The article provoked a number of responses in me. Initially it was anger. The continued assault on the arts subjects in schools makes me question how we are to really maintain a vibrant cultural community across the country. The less and less access young people get to art will ensure it becomes elitist. The retaining of Shakespeare as the beacon to which all drama should be compared too reinforces this and reduces all that is contemporary and brilliant about modern arts practice.
I believe schools are already pushed to the limits in the exposure a lot can offer their students – I believe this to be true as many of our youth theatre members who are not yet at G.C.S.E level cite that their drama provision is less than an hour or week, or every other term on their timetable.
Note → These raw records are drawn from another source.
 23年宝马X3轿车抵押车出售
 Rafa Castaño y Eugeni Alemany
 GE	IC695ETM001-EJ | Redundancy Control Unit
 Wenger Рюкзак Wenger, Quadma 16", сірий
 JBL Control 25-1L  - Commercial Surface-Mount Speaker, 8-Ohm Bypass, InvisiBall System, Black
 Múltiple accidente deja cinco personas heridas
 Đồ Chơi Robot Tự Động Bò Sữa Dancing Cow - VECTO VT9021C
I have tried to order my thoughts throughout the day around the subject to blog. Most of my work is in areas of economic disadvantage, areas identified as below national average in the arts or with vulnerable groups. I have seen countless examples this week alone of the transformative power of drama in my own practice. From the 8 year old who didn’t speak last term reading out aloud for an hour, to teenagers transforming into emerging artists beginning to integrate Stanislavski into rehearsal at 13.
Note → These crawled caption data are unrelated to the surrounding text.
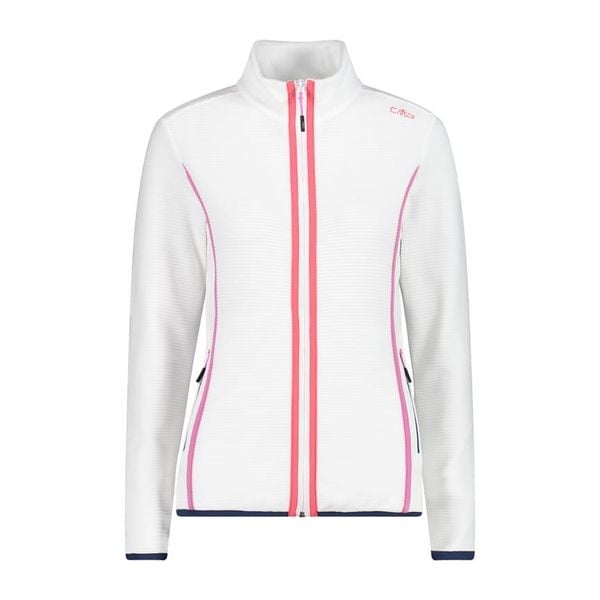 Bluza damska turystyczna CMP 32G5916. Białe bluzy CMP, s, bez wzorów, bez kaptura, trekkingowe. W wyprzedaży za 230.99 zł.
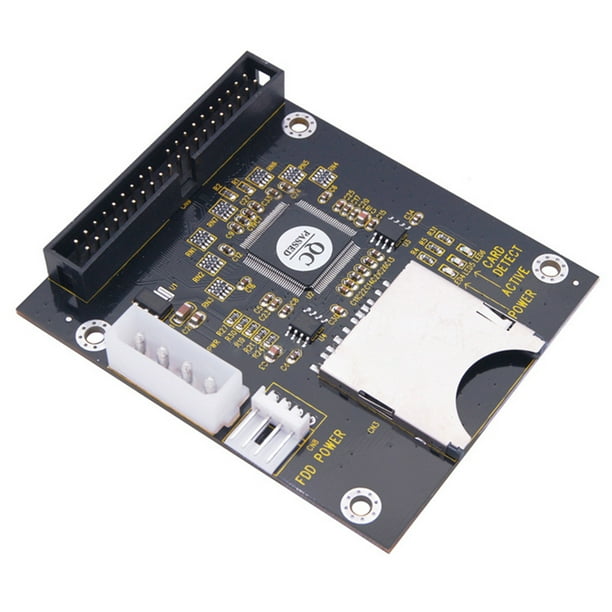 Convertidor Adaptador Tarjeta Memoria SD SDHC A Disco Duro IDE 3 5 Pulgadas Y 40 Pines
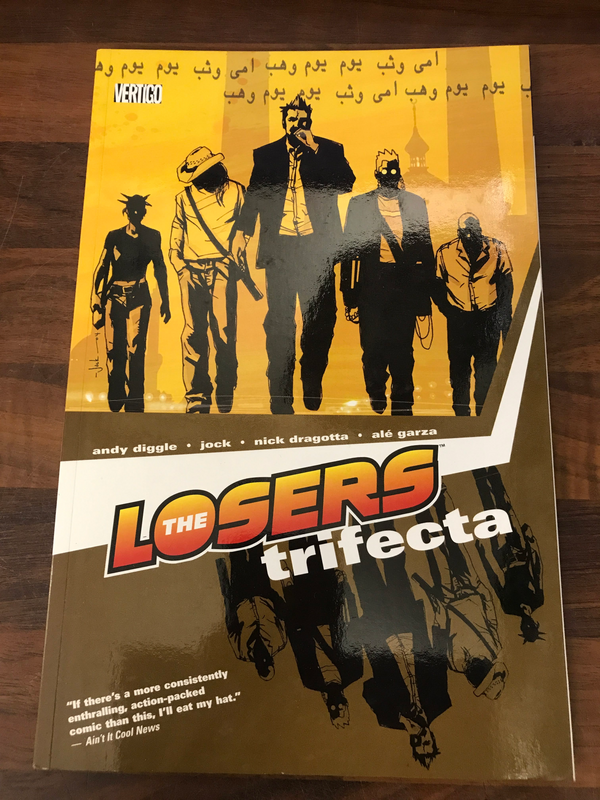 LOSERS TP VOL 03 TRIFECTA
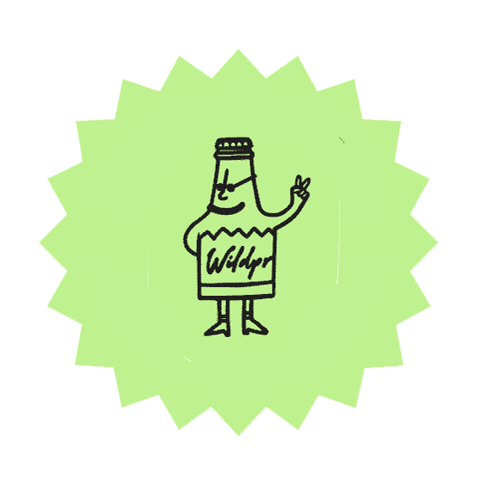Wildpress Juice Sticker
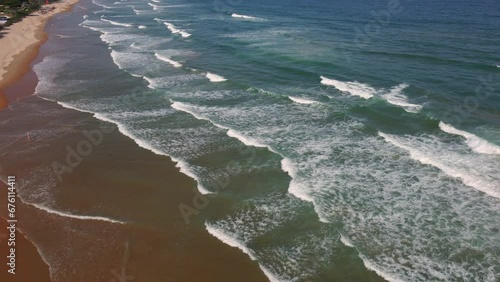 Geriba beach in Buzios, Brazil. Aerial view photo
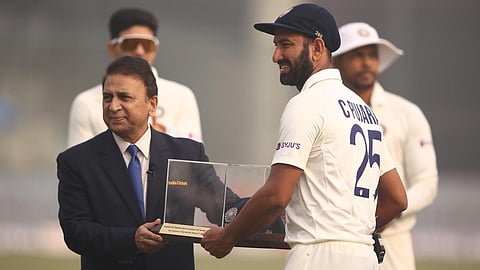 கவாஸ்கர் மற்றும் புஜாரா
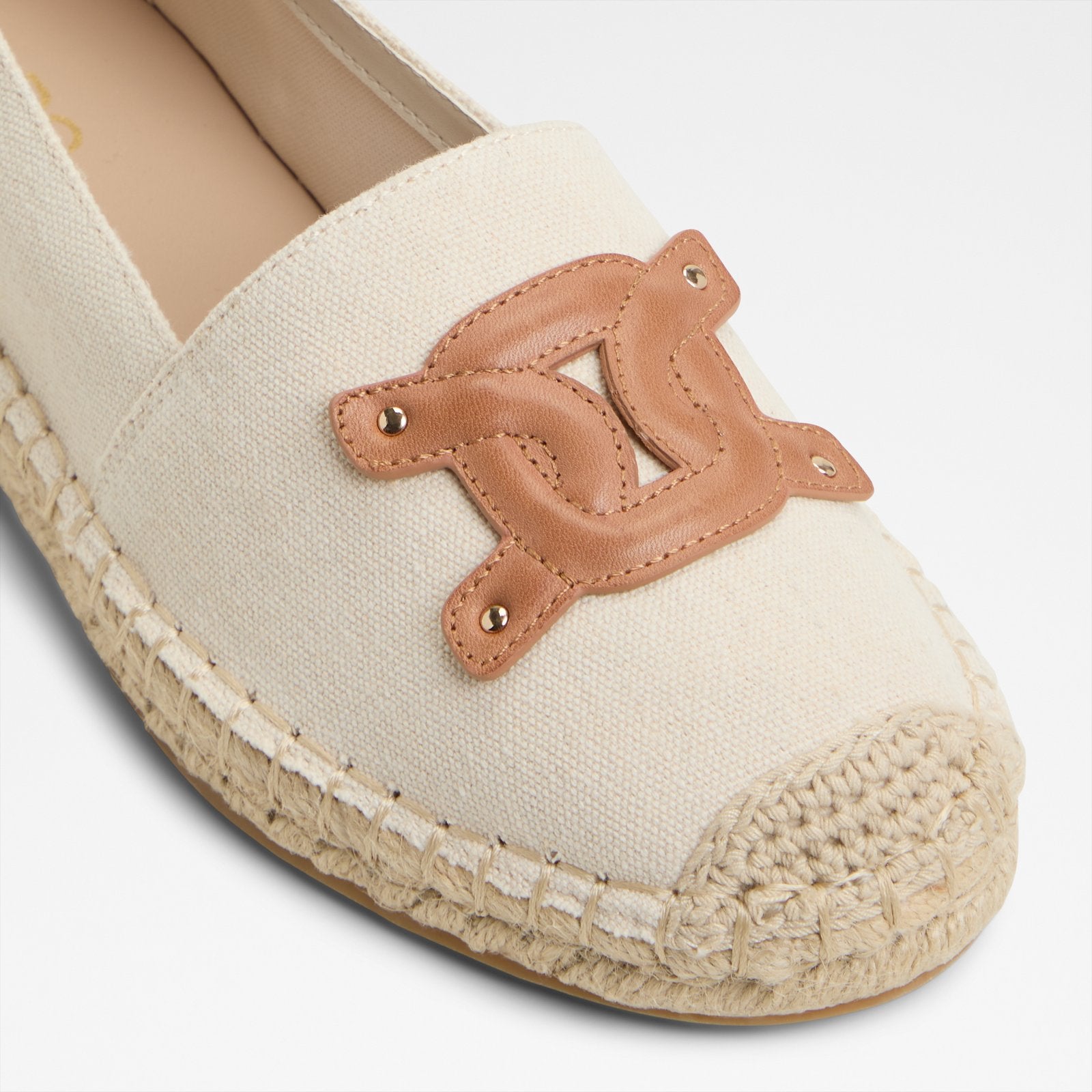 Kadın Natürel Espadril-5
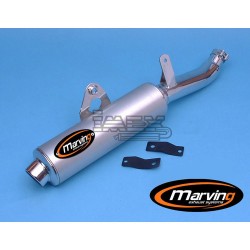 Silencieux MARVING Adaptable Suzuki DR 750 S 1988-1989 et DR 800 S BIG 1990-1991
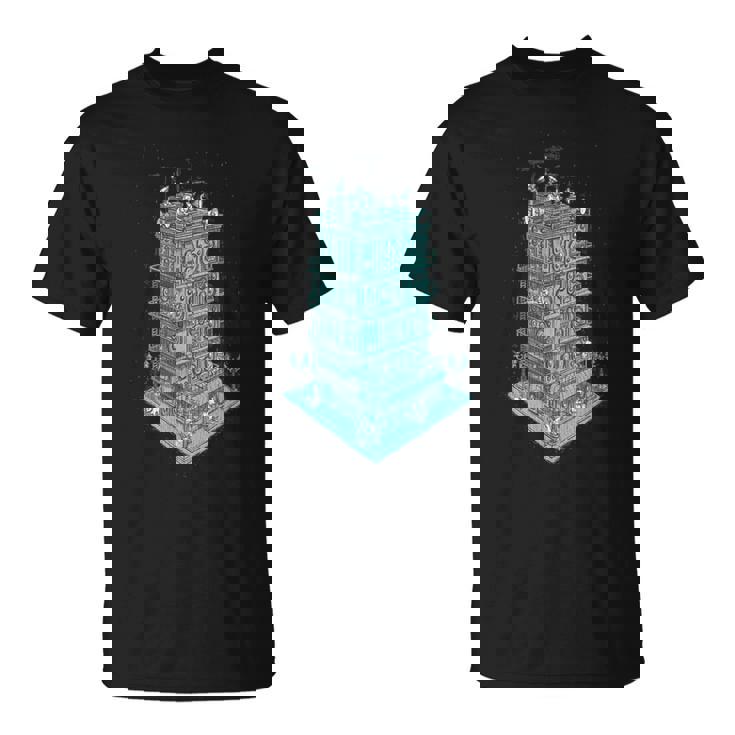 Système De Son Bloc T-Shirt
Yet, I will simply share these…
On Wednesday, I sat in a rehearsal with a group of young people. One young girl who had a few weeks ago struggled with the idea of learning text because of reading difficulties confessed she was overwhlemed with stage fright was with me. It transpires she’d tried to perform before and had to drop out because of nerves. We had tried various things and she came back having learnt her lines inside out, by herself. I was directing her with some younger people who were struggling to bring the text alive. She jumped in with some suggestions of what she’d been doing at home and we worked collaboratively and the others bloomed. She then whispered to me that she had decided she wants to be a theatre director when she’s older. She’s looked into Drama G.C.S.E and has a plan mapped out via school. I let her direct the next part of the scene. She clearly demonstrated the potential to hear and see a story in the words on the page. Her direction picked up on the subtle nuances of the story, with an attention to detail which was impressive for a 13 year old. She may well be a theatre director, life of course may take her on a different course, but a G.C.S.E would be her stepping stone to a path of discovery that she should be entitled too.
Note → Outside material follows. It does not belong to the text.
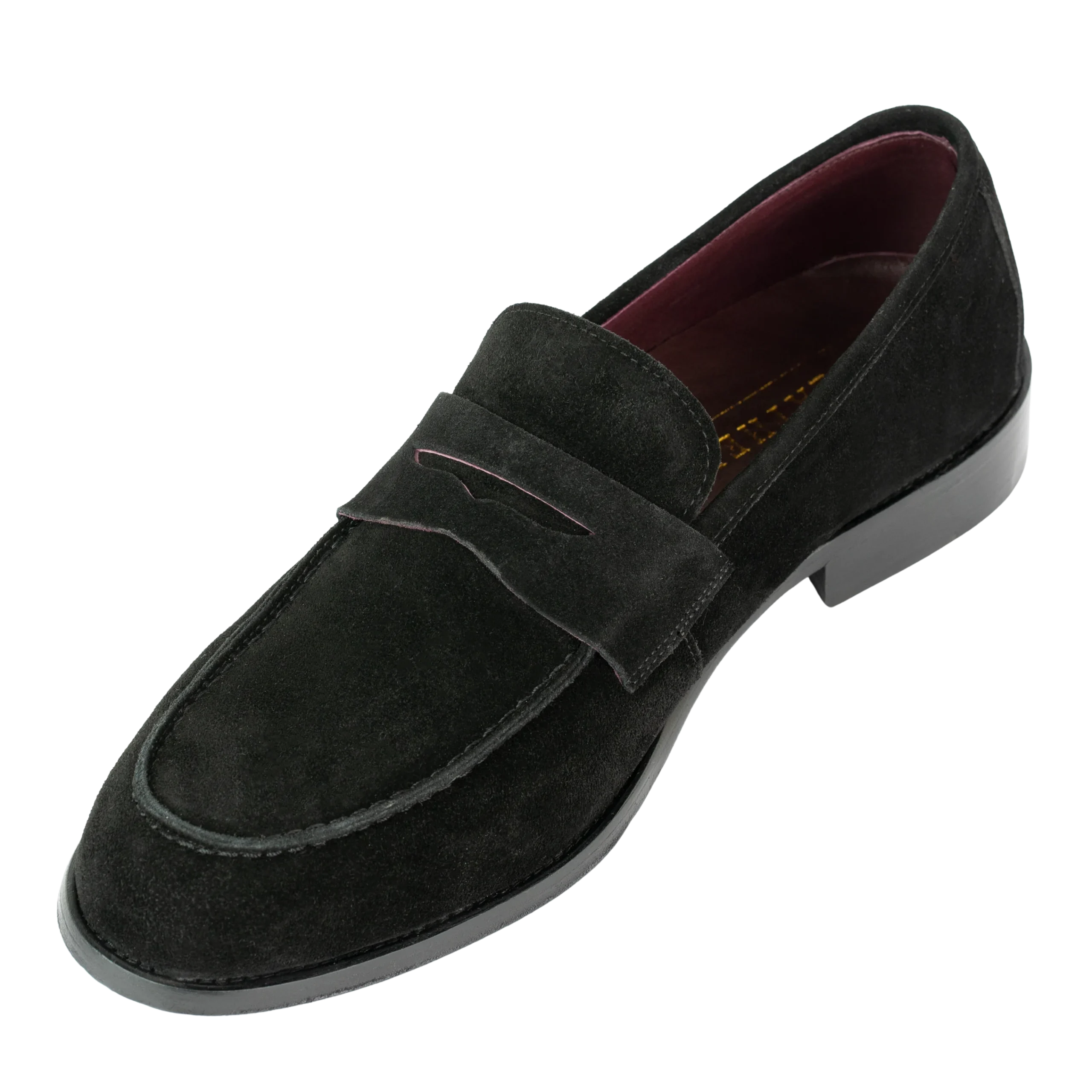 Nowell: Mocassin Homme - Daim Noir – Image 7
On Friday morning, I sat in Anstee Bridge (a programme set up to support vulnerable students who are at risk of becoming NEET) as I am working with them to structure the confidence through creativity programme to allow students to gain an Arts Award of G.C.S.E equivalent. Over a morning, the girls who I worked with began to plan their independent arts project. This went from going to teach children how to sing to a full on Christmas workshop. Whatsmore, they pushed it further and have broadly speaking created a story where Santa’s sleigh won’t work because he is worried every one has forgotten the true meaning of Christmas. The children will then learn songs and create a card/music video that we will share with a local hospice to wish them a Happy Christmas – in the spirit of giving and receiving. It culminated with one of the girls singing to us – remarkable when in the personal challenge part of her award she cited it to be about having the confidence to sing in public. These young women were bright, intelligent, witty and funny – yet they’ve learnt to see themselves as failures in the pursuit of rigour already in schools.
These moments seek to simply remind me why drama is worth fighting for. Academics alone won’t make the world go around. Drama is a subject worthy on both a vocational and academic level. It should be championed across all aspects of the curriculum as a subject in its own right.
At the moment, I see children devise who can suggest two verbs in a sentence on a whiteboard but it comes out their mouth with the feeling of soggy cardboard. I see teenagers about to leave school who still can’t reflect on their own learning or practice. I see teenagers who have the capacity to be the next generation of UK artists. Drama (and art) fills all those gaps.
Sadly, all I see under Michael Gove’s relentless pursuit of rigour is more of the same and the foundations of the two tier society the Tory party seek to deny they champion.